Plastic Flow Rules with Microstructural Evolution and
Effects on Strain Localization

Haizhen Pan
Ph.D. Candidate
Advisor: Professor John L. Bassani
Mechanical Engineering and Applied Mechanics
University of Pennsylvania

Abstract
In this lecture, we consider a class of elastic-plastic materials that possess local orthotropic symmetry which is naturally represented in terms of second-order orientation tensors that can evolve with deformation.  Applications include textured polycrystals, oriented polymers, and composite materials. At finite strain, the standard multiplicative elastic-plastic decomposition is adopted, and the flow rule is defined in the intermediate configuration.  The spin of the orthotropic axes, i.e. the microstructural spin, is defined to be the difference between the material and plastic spin.  The theory of invariants coupled with representations for tensor-valued functions are utilized to develop phenomenological constitutive relations, including an equation for plastic spin. The classical normality flow rule leads to generators for the plastic part of the rate of deformation that only depend linearly on the stress tensor. In constructing a constitutive equation for plastic spin in the intermediate configuration, we assume similar dependencies on stress tensor in addition to nonlinear dependencies on the invariants of stress and orientation tensors. Comparisons with experimental data for textured polycrystals under uniaxial tension and simple shear loading are promising.  Significant effects of microstructural evolution on limits to ductility are predicted.

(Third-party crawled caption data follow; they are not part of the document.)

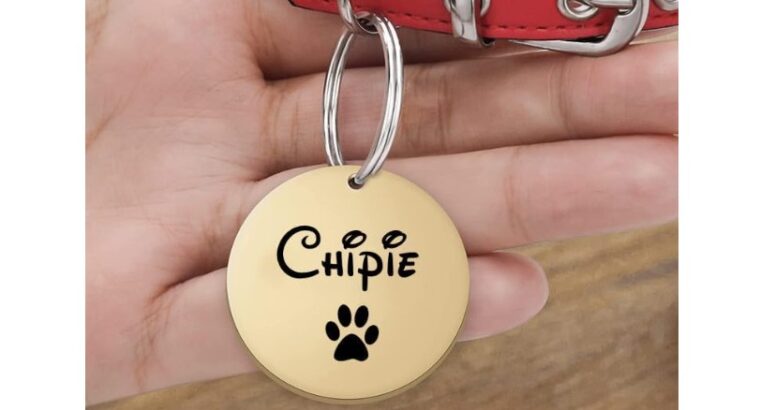 MÉDAILLE D’IDENTIFICATION POUR CHIEN PERSONNALISÉE EN PROMOTION !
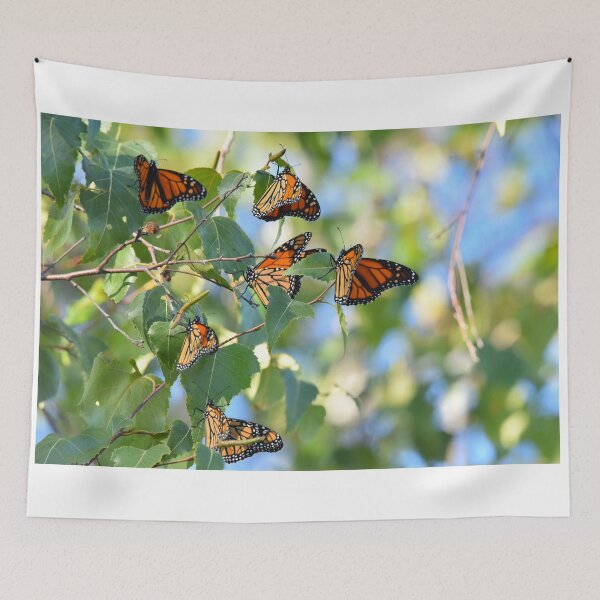 Item preview, Monarch migration designed and sold by telley20.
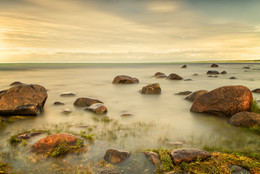 Steine ​​im Meer / ***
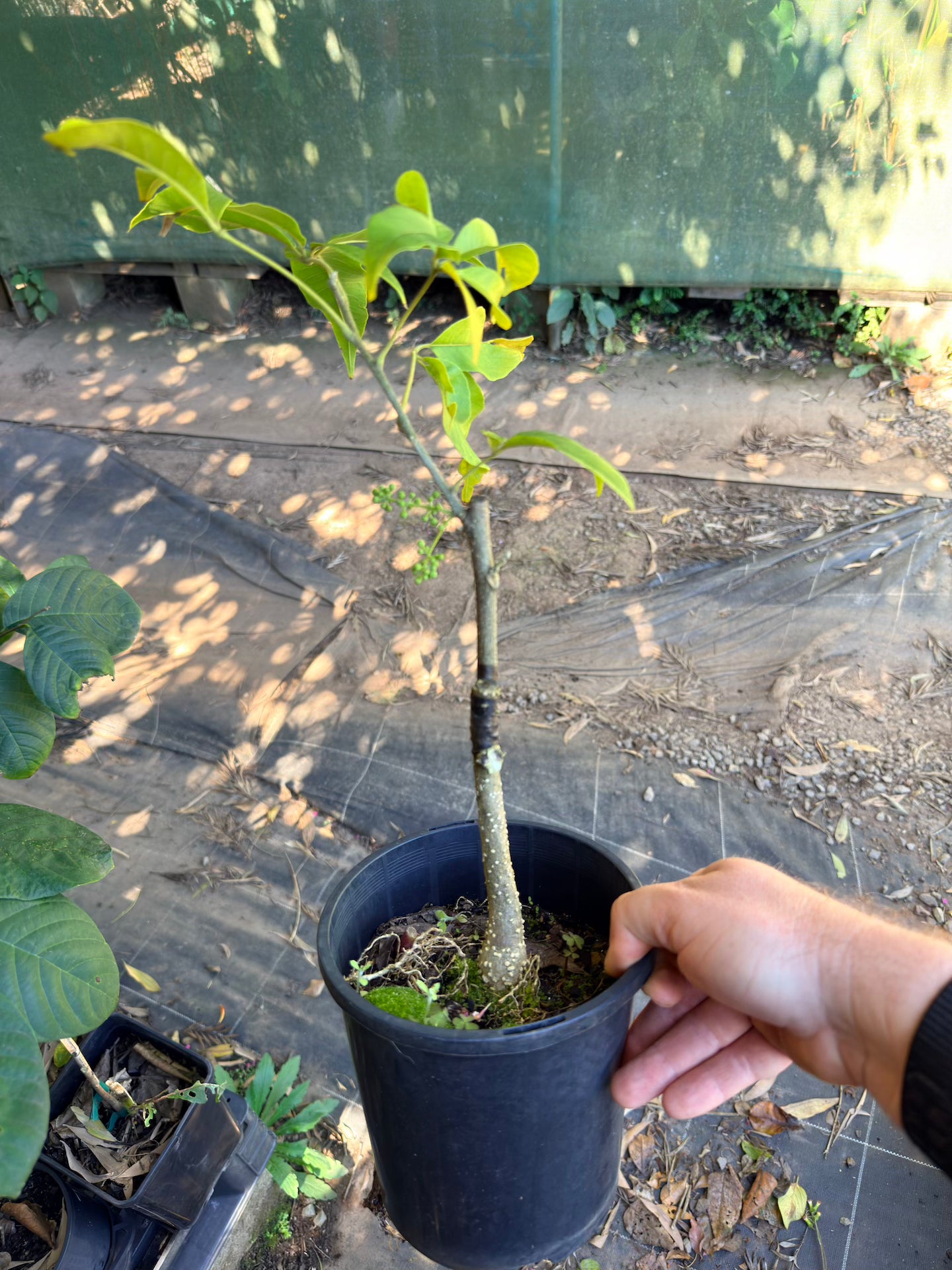 White Sapote - MYSTERY Grafted (Seconds)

Sheet necking and shear banding are considered in this paper.  The effects of microstructural evolution can increase or delay the tendency for localization from uniform states of deformation, depending upon parameters in the equation for plastic spin that determine the direction and degree of rotations as well as the initial degree of anisotropy and the orientation of orthotropic axes relative to the loading direction.